Electric vehicles (EVs) are a promising technology to reduce emissions, but its development enormously depends on the technology used in batteries. Nowadays, batteries based on lithium-ion (Li-Ion) seems to be the most suitable for traction, especially nickel-manganese-cobalt (NMC) and nickel-cobalt-aluminum (NCA). An appropriate model of these batteries is fundamental for the simulation of several processes inside an EV, such as the state of charge (SoC) estimation, capacity and power fade analysis, lifetime calculus, or for developing control and optimization strategies.

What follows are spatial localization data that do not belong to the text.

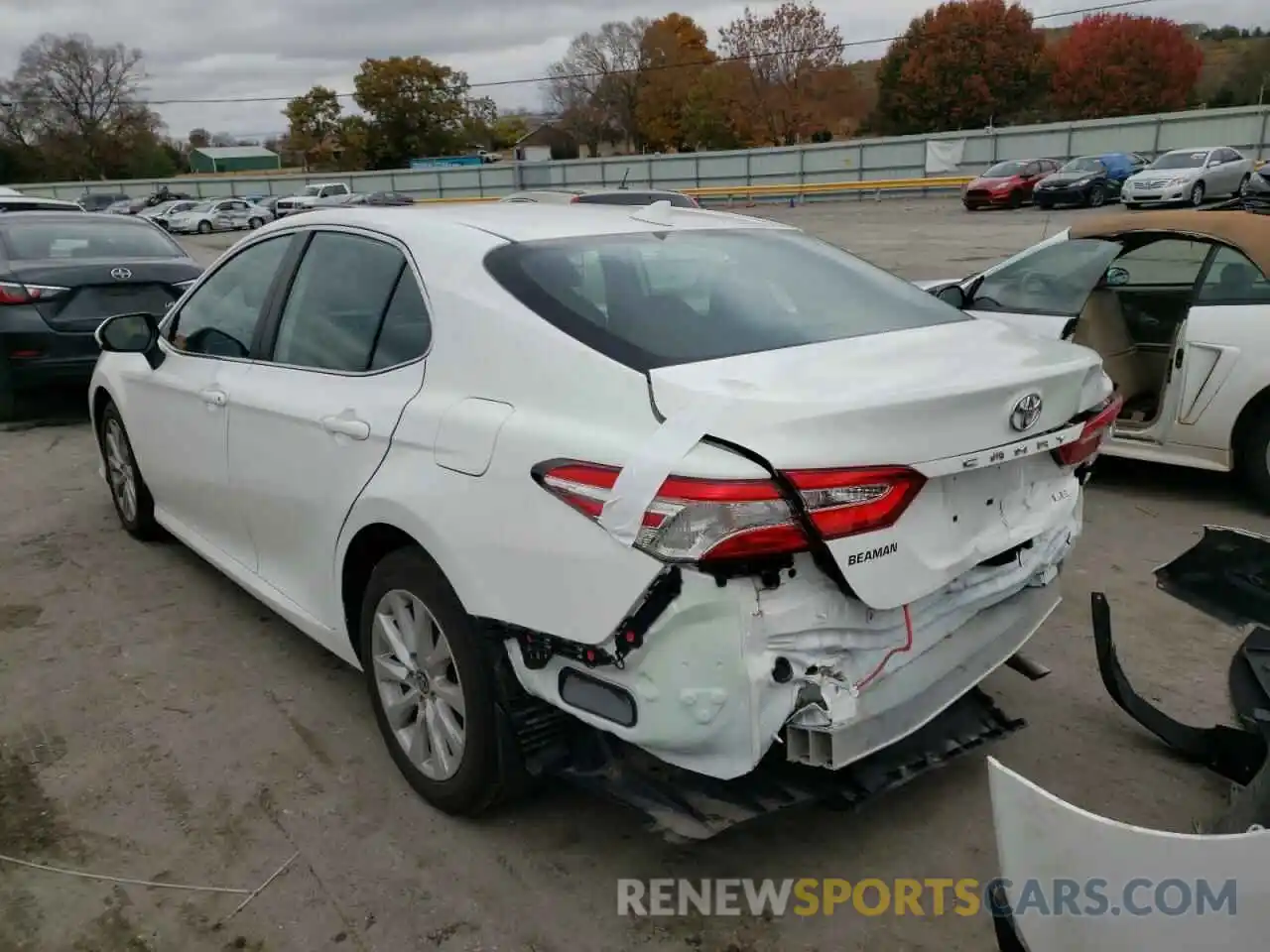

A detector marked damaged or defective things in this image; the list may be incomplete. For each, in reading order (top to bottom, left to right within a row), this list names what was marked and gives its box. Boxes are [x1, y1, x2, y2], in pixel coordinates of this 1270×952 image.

broken tail light [0, 282, 68, 305]
broken tail light [1048, 391, 1119, 468]
damaged white toyota camry [89, 200, 1119, 833]
broken tail light [532, 460, 929, 563]
detached bumper piece [552, 686, 1024, 845] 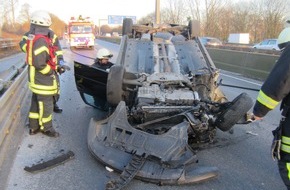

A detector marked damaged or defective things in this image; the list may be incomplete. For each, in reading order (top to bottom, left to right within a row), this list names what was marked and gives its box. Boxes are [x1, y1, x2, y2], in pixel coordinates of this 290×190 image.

detached bumper [87, 101, 219, 186]
overturned car [73, 18, 253, 189] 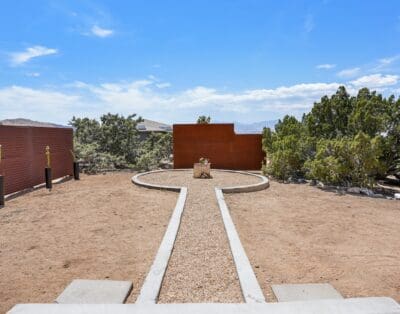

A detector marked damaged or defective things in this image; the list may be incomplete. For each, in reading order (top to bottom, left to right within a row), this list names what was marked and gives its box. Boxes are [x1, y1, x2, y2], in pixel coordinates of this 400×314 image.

rusty corten steel wall [0, 124, 73, 194]
rusty corten steel wall [173, 124, 264, 170] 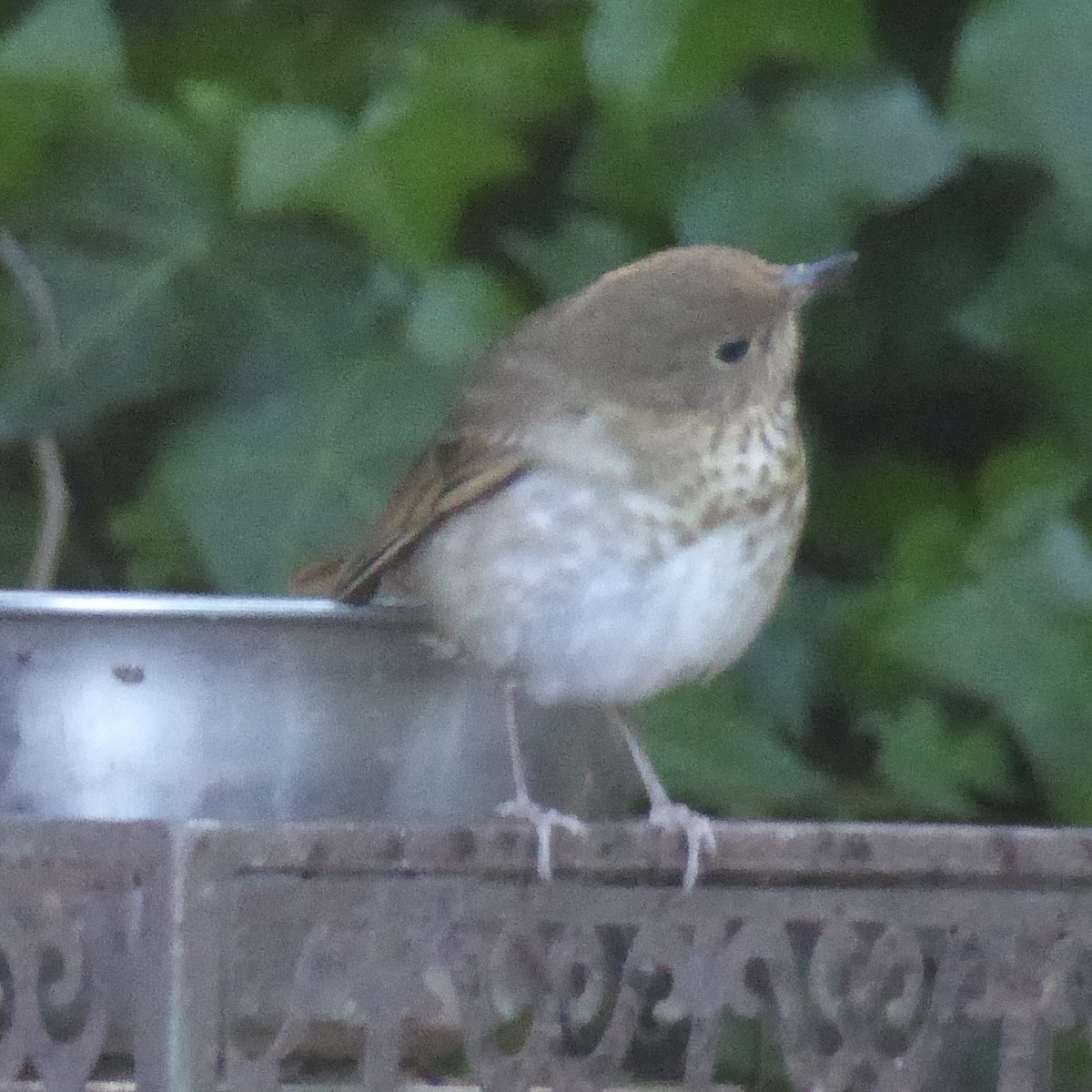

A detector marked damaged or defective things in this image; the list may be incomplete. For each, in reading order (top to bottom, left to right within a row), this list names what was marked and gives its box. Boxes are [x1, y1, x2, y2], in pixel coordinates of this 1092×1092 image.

rusty metal fence [2, 821, 1092, 1092]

There are different models in the current literature, among which the electric equivalent circuits stand out, being the most appropriate model when performing real-time simulations. However, impedance models for battery diagnosis are considered very attractive. In this context, this paper compares and contrasts the different electrical equivalent circuit models, impedance models, and runtime models for battery-based EV applications, addressing their characteristics, advantages, disadvantages, and usual applications in the field of electromobility. In this sense, this paper serves as a reference for the scientific community focused on the development of control and optimization strategies in the field of electric vehicles, since it facilitates the choice of the model that best suits the needs required.

Suggested Citation

  • Gaizka Saldaña & José Ignacio San Martín & Inmaculada Zamora & Francisco Javier Asensio & Oier Oñederra, 2019. "Analysis of the Current Electric Battery Models for Electric Vehicle Simulation," Energies, MDPI, vol. 12(14), pages 1-27, July.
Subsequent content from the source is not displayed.